Abstract

Surveillance for surgical site infection (SSI) in cesarean-section (C-section) in our hospital, carried out between September 1998 and July 1999, identified areas of deficiency in aseptic techniques that have contributed to increased incisional surgical site infection rates (ISSI) rates. On the basis of these findings, we intensified the infection control presence in this area and increased the number of in-services to our staff, with attention to infection control practices. Our senior infection control staff carried out ongoing monitoring of the ISSI rates as well as careful observation of aseptic technique. The aim was to reduce the rates of C-section ISSI in our hospital. We used the Centers for Disease Control and Prevention definitions for infection and the National Nosocomial Infections Surveillance System (NNISS) risk index in measuring the ISSI rates in the 2 time periods.
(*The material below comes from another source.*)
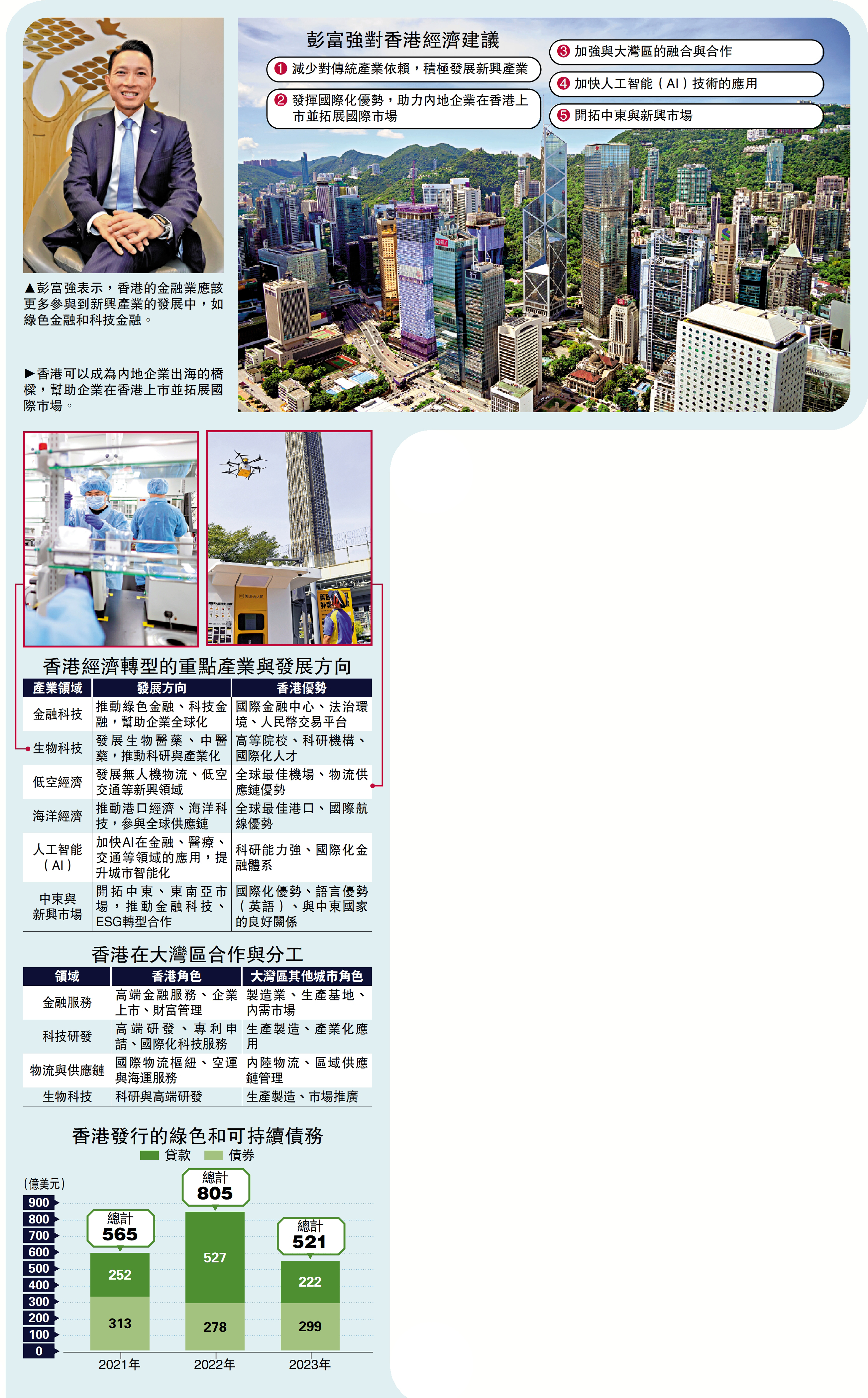 圖:彭富強對香港經濟建議。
We compared the ISSI rates with those of our preintervention period in an attempt to evaluate our interventional measures. Eight hundred seventy-five (875) C-sections were performed at King Fahad National Guard Hospital between January and December 2000. The overall ISSI rate was 1.37%. The ISSI rate for the NNISS risk category 0 (zero) was 1.2% and for the NNISS risk category 1 was 4.1%. There was a 50% reduction in the overall ISSI rates from our preintervention period (P <.05). Even though there were no objective means by which we measured the effect of infection control presence on the asepsis practices, there were no other changes that could have attributed to this significant reduction in ISSI rates in our C-section population. (Am J Infect Control 2003;31:288-90.)